▶ _Assigned task_: No pictures go into the copy. Write out every line below exactly.
START Stored data
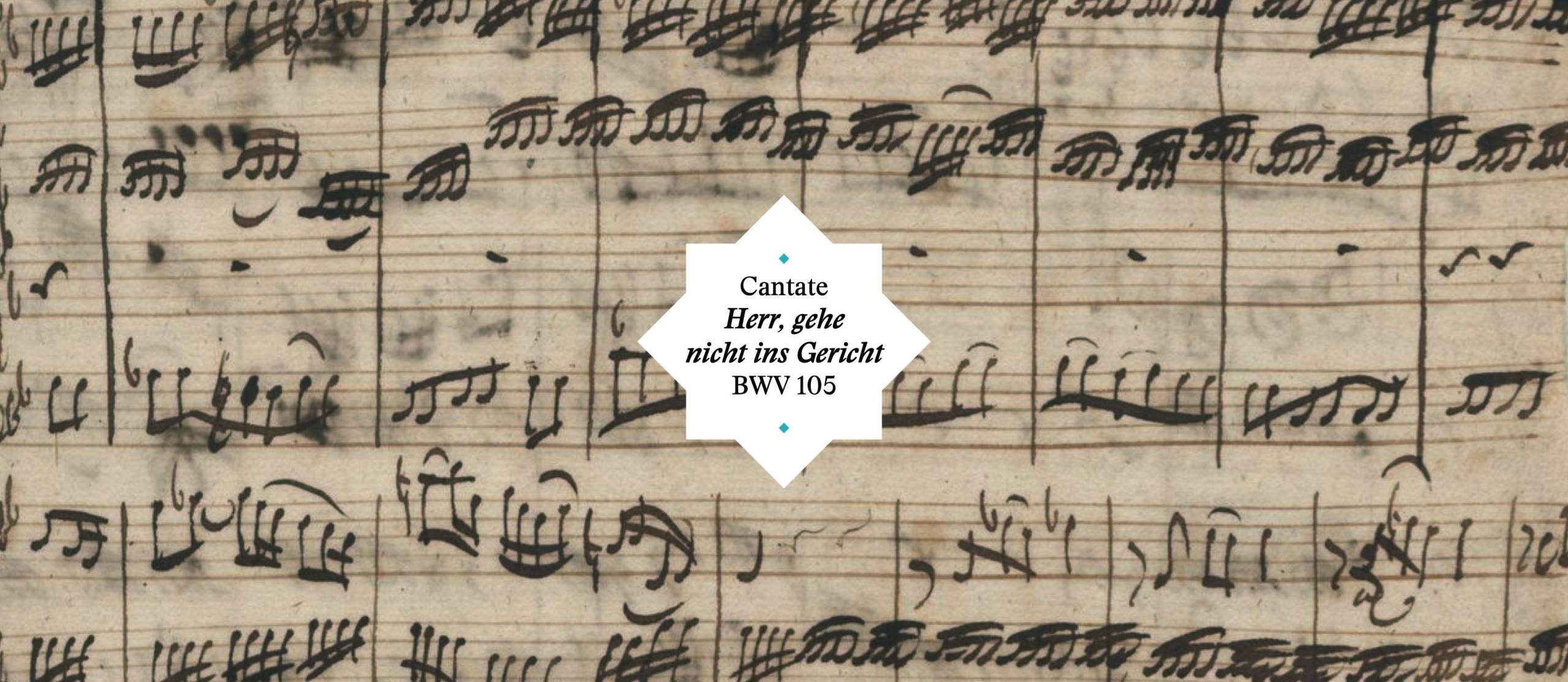 BWV 105 • Herr, gehe nicht ins Gericht mit deinem Knecht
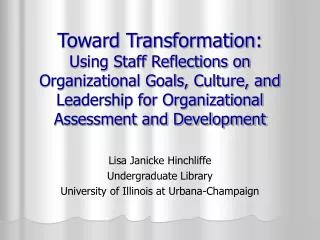 Lisa Janicke Hinchliffe Undergraduate Library University of Illinois at Urbana-Champaign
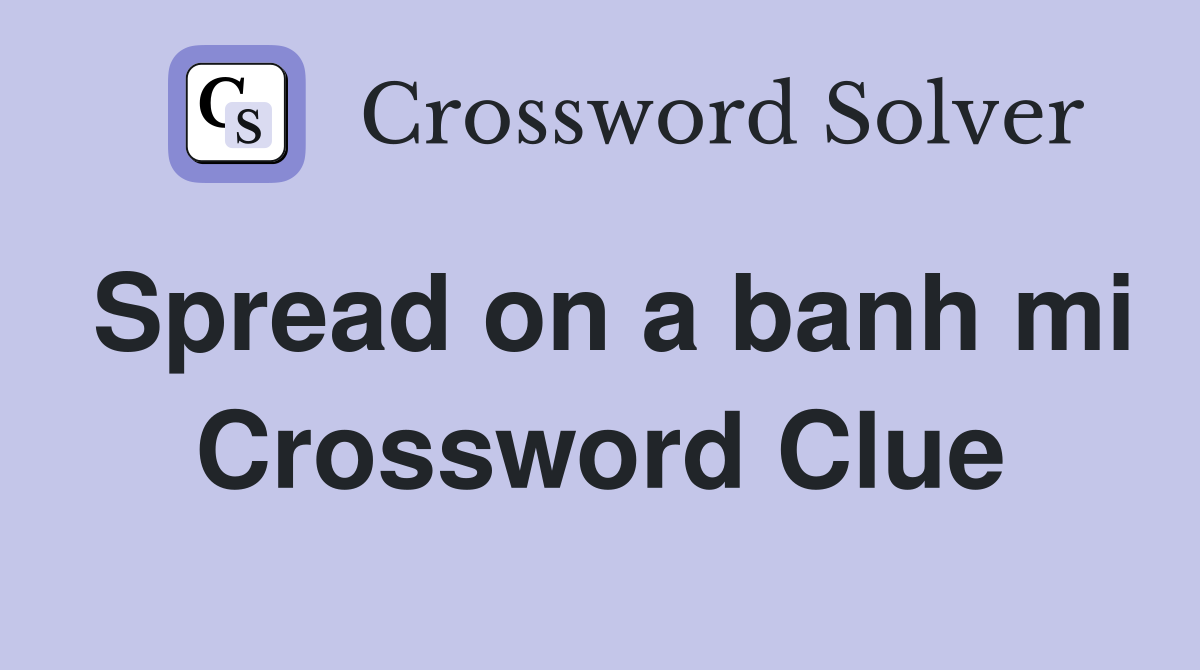 Spread on a banh mi Crossword Clue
END Stored data
▶ _Completed exercise_:
 BWV 105 • Herr, gehe nicht ins Gericht mit deinem Knecht
 Lisa Janicke Hinchliffe Undergraduate Library University of Illinois at Urbana-Champaign
 Spread on a banh mi Crossword Clue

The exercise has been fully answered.